## WHAT YOU SHOULD DO:
If an entry contains a picture, omit that picture and transcribe everything else exactly.

## DATA UNDER STUDY:
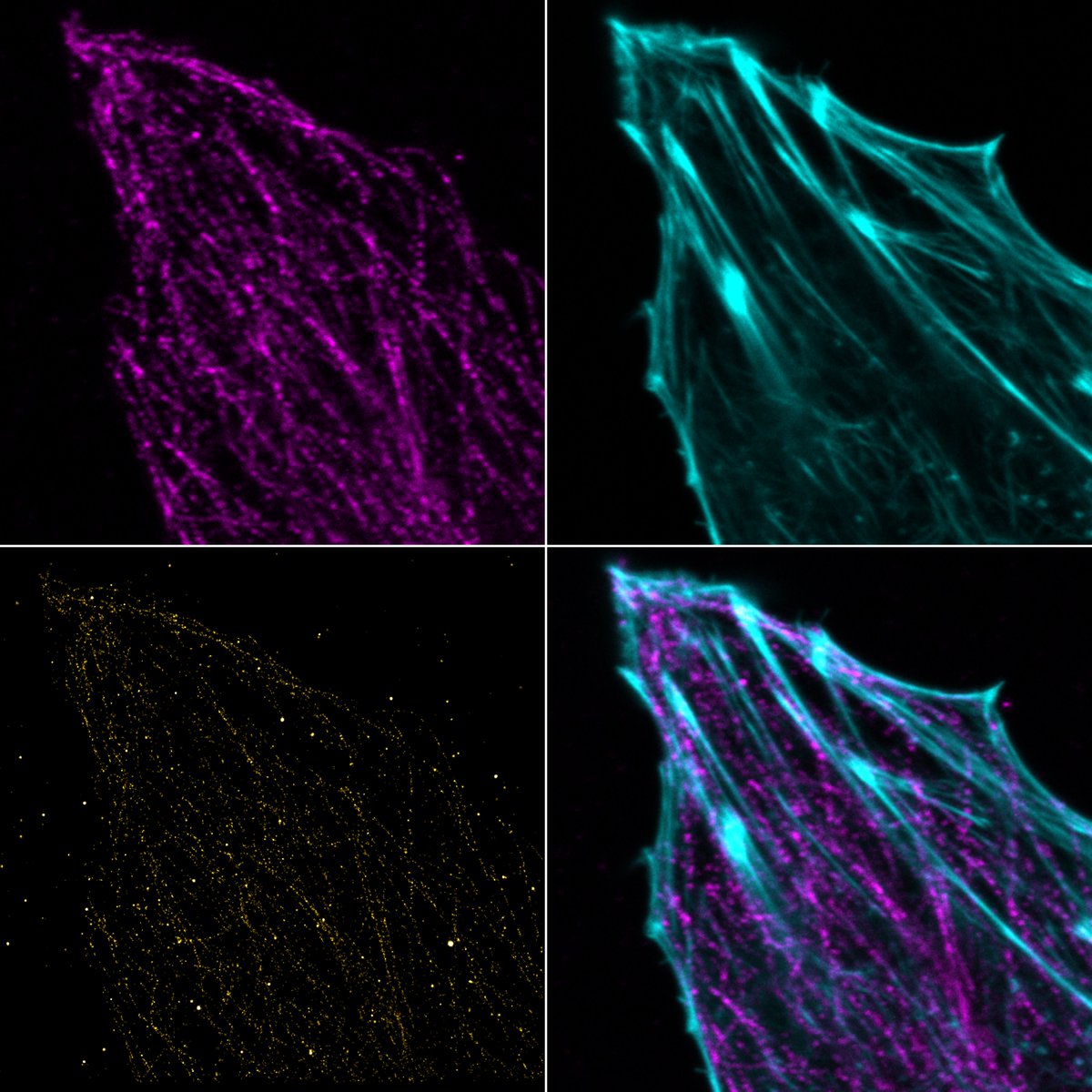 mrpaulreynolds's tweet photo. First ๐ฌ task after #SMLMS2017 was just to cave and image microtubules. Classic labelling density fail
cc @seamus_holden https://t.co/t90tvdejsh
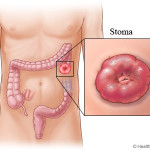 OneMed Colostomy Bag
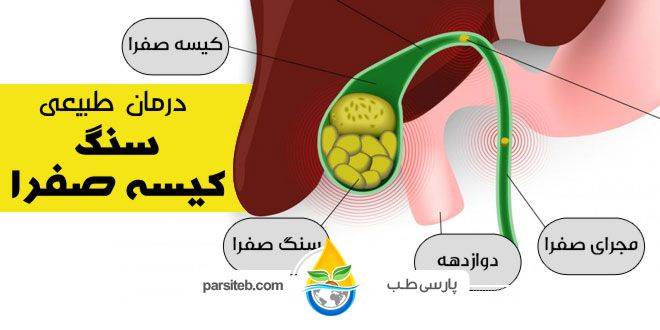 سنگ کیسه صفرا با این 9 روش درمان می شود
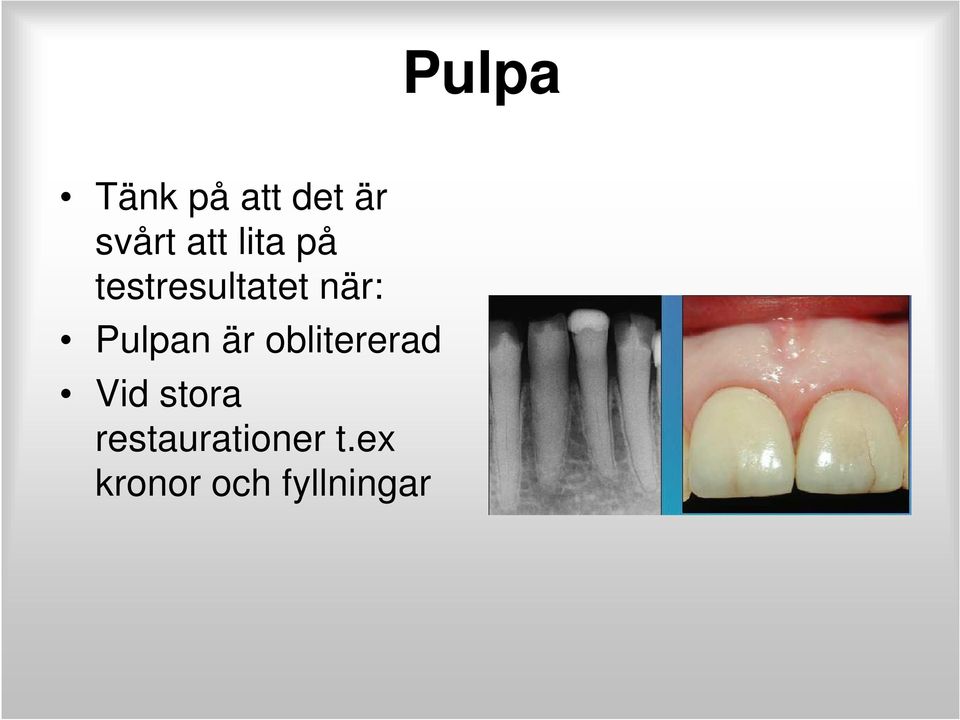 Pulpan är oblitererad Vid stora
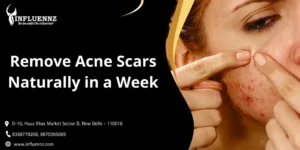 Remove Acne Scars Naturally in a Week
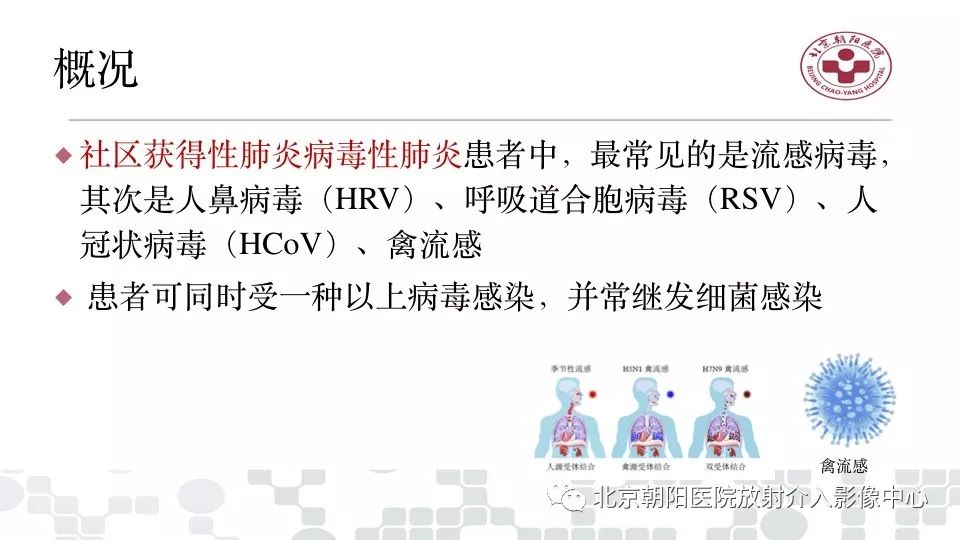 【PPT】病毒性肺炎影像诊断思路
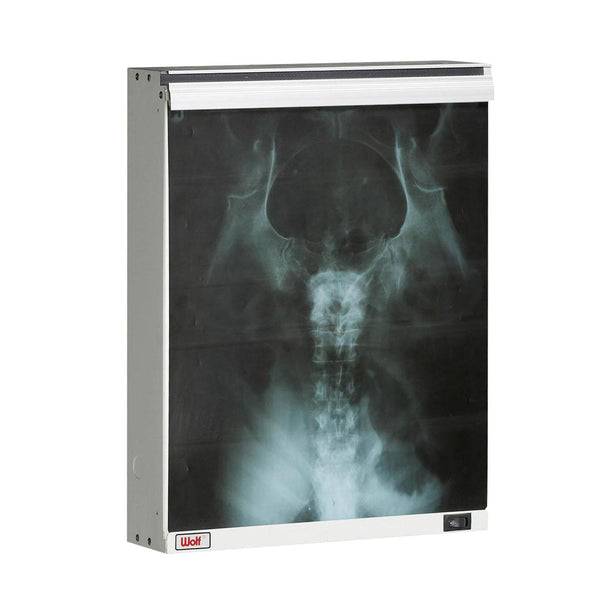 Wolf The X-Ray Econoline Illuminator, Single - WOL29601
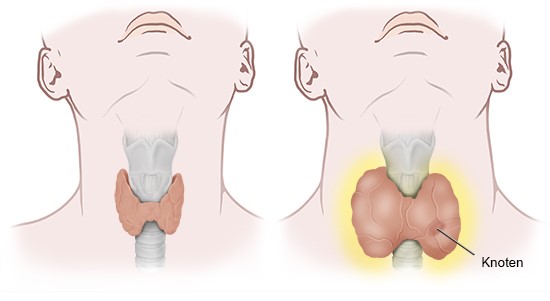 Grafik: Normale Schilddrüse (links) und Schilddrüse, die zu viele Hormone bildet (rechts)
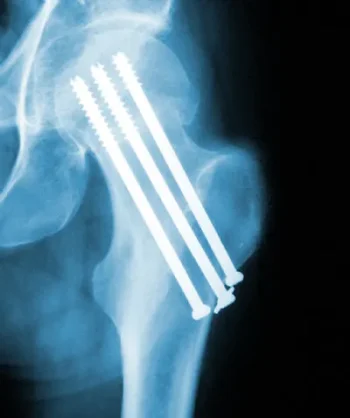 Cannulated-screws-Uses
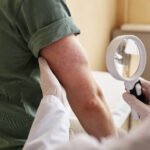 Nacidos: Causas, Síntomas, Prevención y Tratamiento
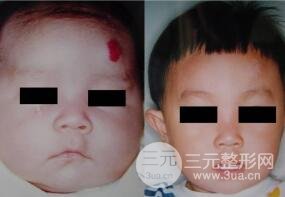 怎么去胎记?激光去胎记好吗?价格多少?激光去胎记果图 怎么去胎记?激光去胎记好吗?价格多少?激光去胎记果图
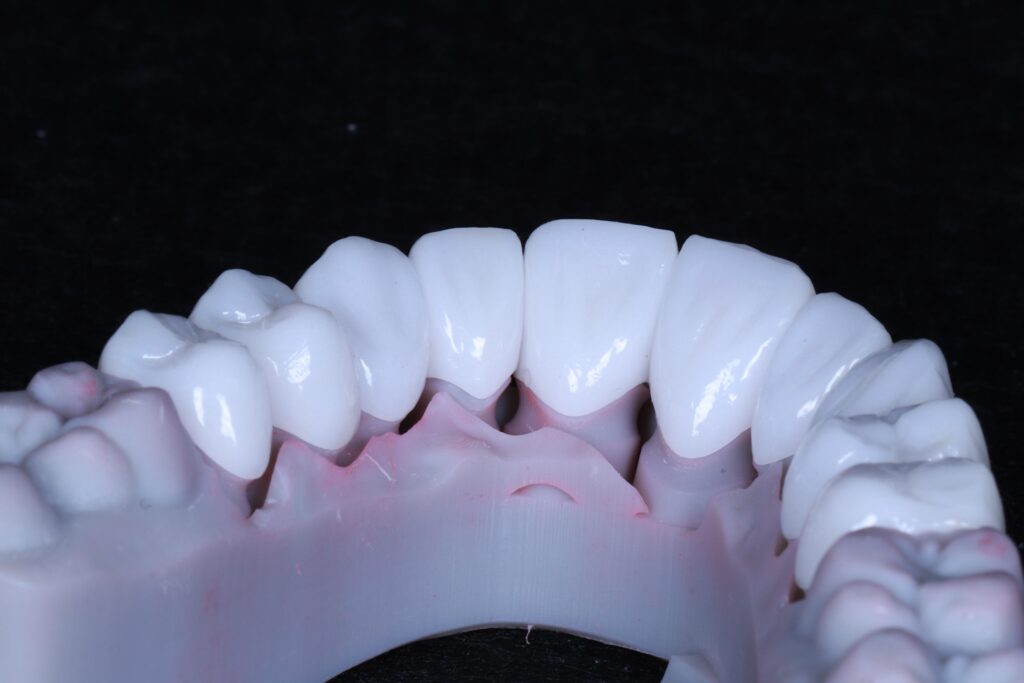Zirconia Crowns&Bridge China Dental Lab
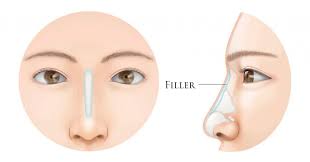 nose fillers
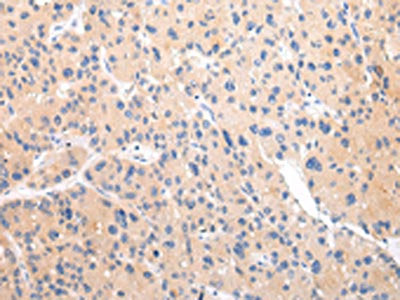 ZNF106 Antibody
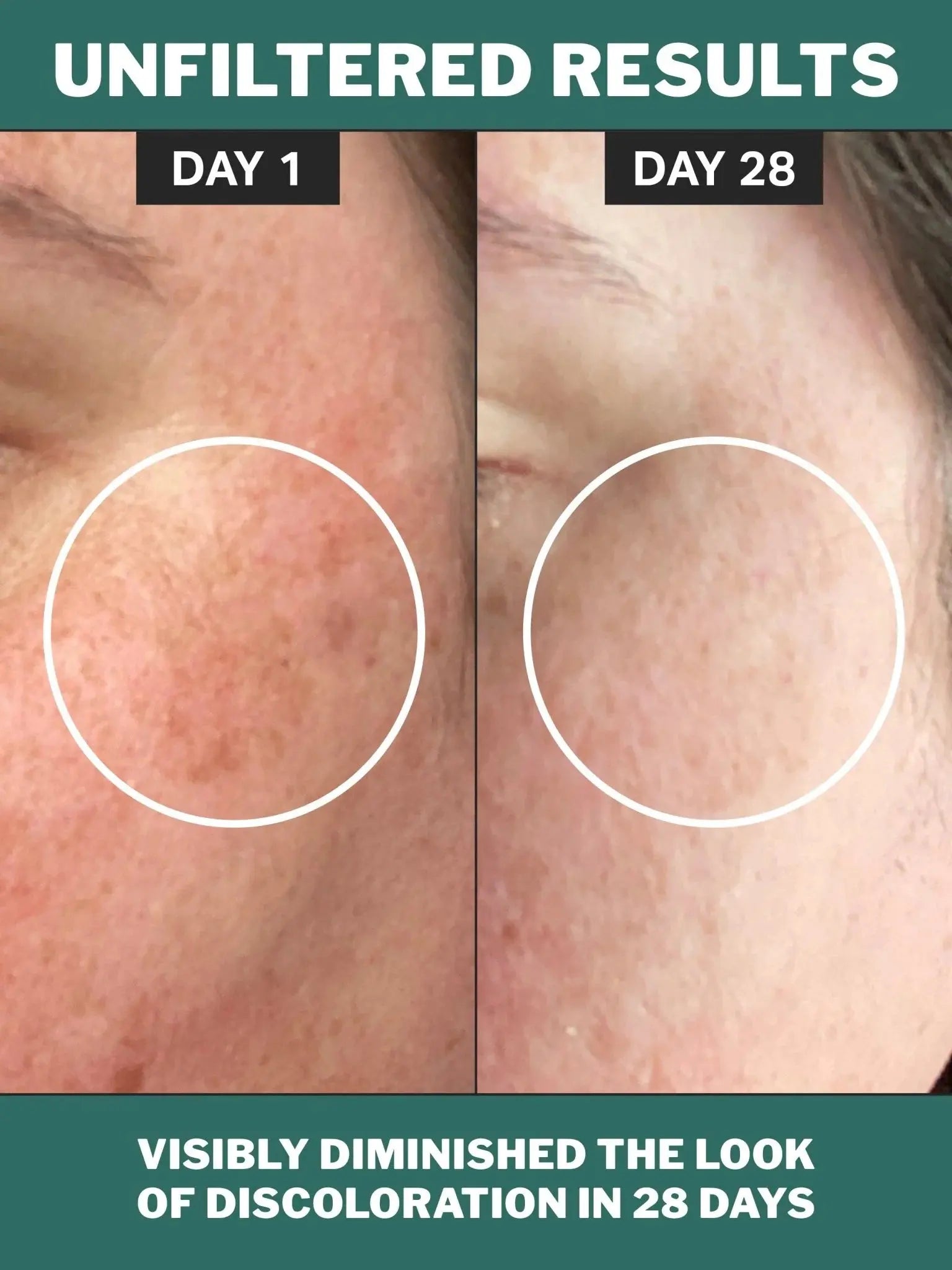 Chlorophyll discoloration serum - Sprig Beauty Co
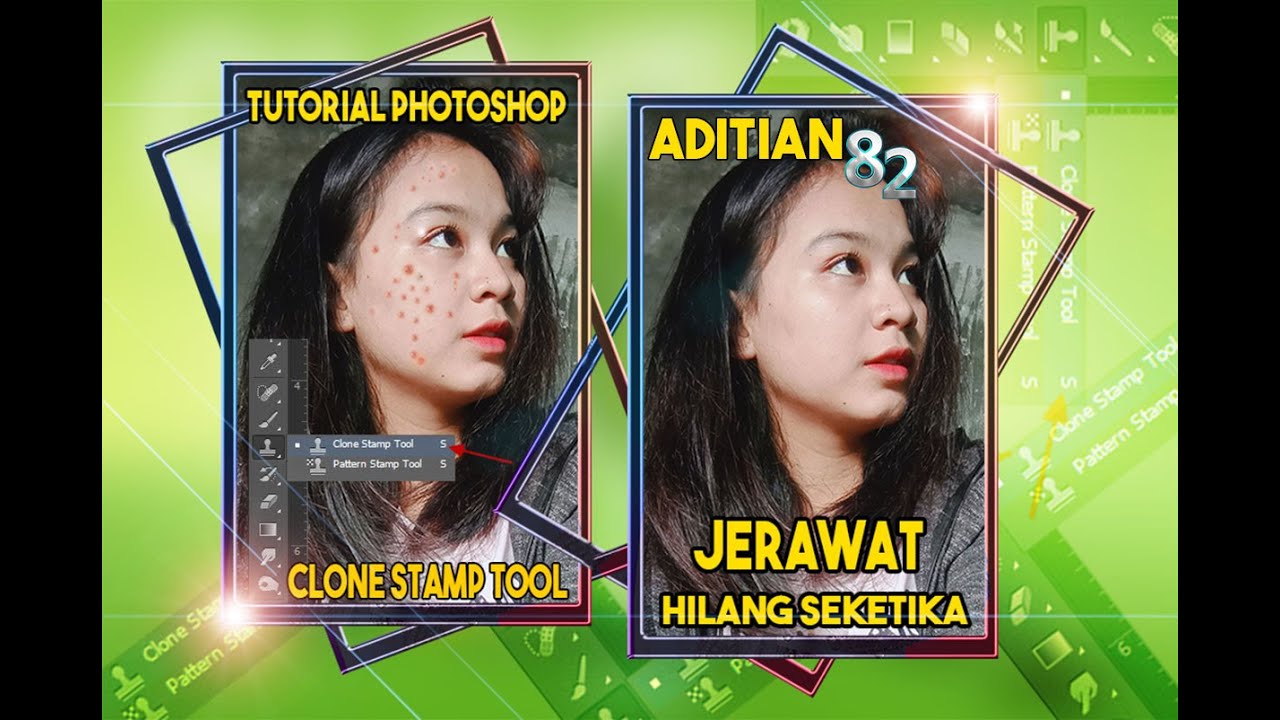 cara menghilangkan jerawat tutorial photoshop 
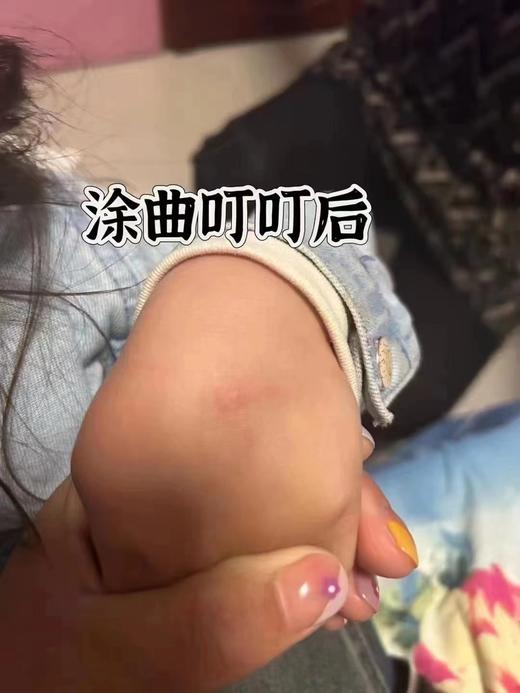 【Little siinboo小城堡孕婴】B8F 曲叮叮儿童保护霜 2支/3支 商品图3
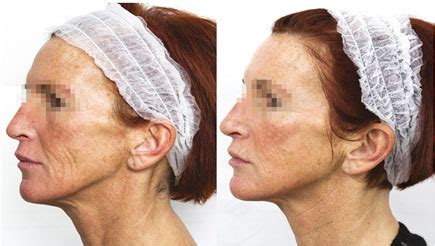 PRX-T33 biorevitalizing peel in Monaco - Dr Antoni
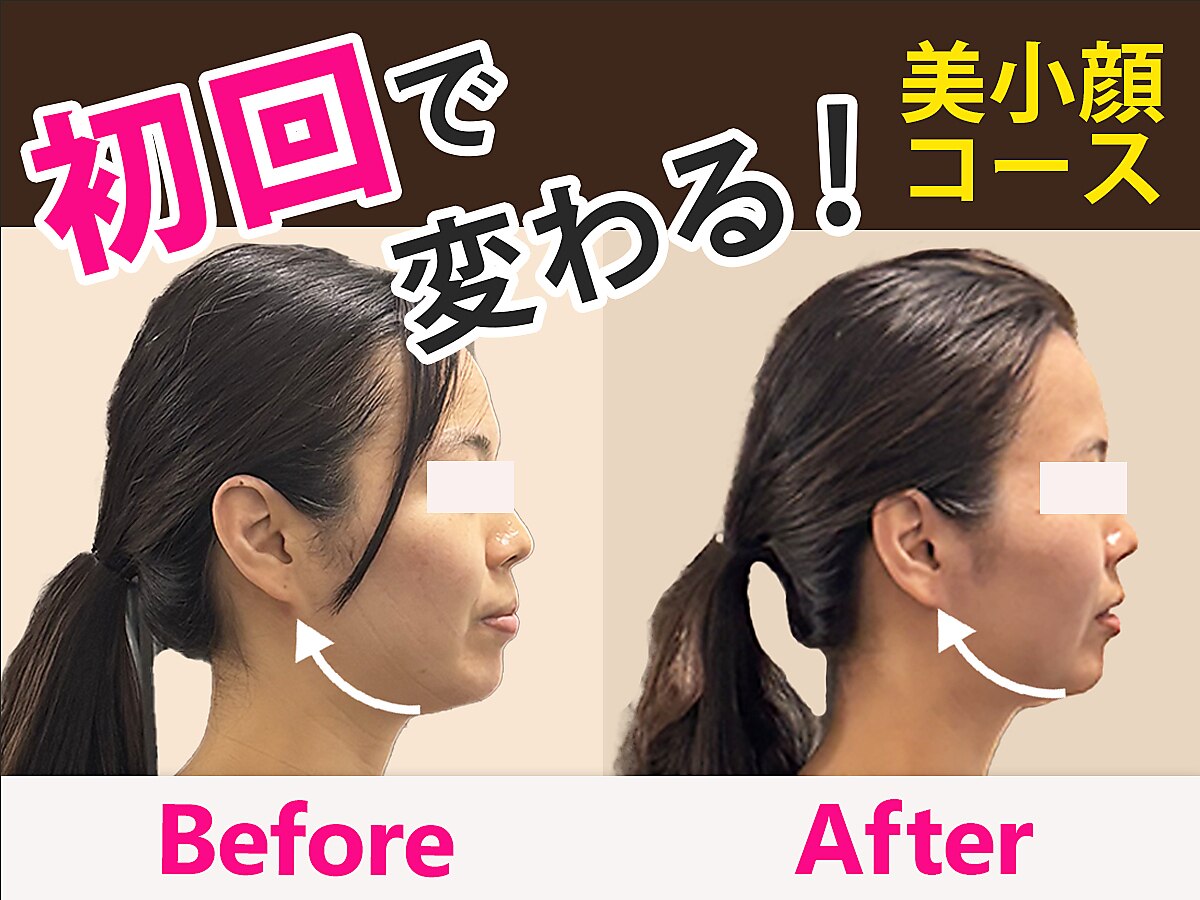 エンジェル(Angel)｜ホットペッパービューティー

## OUTPUT OF THE EXERCISE:
 mrpaulreynolds's tweet photo. First ๐ฌ task after #SMLMS2017 was just to cave and image microtubules. Classic labelling density fail
cc @seamus_holden https://t.co/t90tvdejsh
 OneMed Colostomy Bag
 سنگ کیسه صفرا با این 9 روش درمان می شود
 Pulpan är oblitererad Vid stora
 Remove Acne Scars Naturally in a Week
 【PPT】病毒性肺炎影像诊断思路
 Wolf The X-Ray Econoline Illuminator, Single - WOL29601
 Grafik: Normale Schilddrüse (links) und Schilddrüse, die zu viele Hormone bildet (rechts)
 Cannulated-screws-Uses
 Nacidos: Causas, Síntomas, Prevención y Tratamiento
 怎么去胎记?激光去胎记好吗?价格多少?激光去胎记果图 怎么去胎记?激光去胎记好吗?价格多少?激光去胎记果图
Zirconia Crowns&Bridge China Dental Lab
 nose fillers
 ZNF106 Antibody
 Chlorophyll discoloration serum - Sprig Beauty Co
 cara menghilangkan jerawat tutorial photoshop 
 【Little siinboo小城堡孕婴】B8F 曲叮叮儿童保护霜 2支/3支 商品图3
 PRX-T33 biorevitalizing peel in Monaco - Dr Antoni
 エンジェル(Angel)｜ホットペッパービューティー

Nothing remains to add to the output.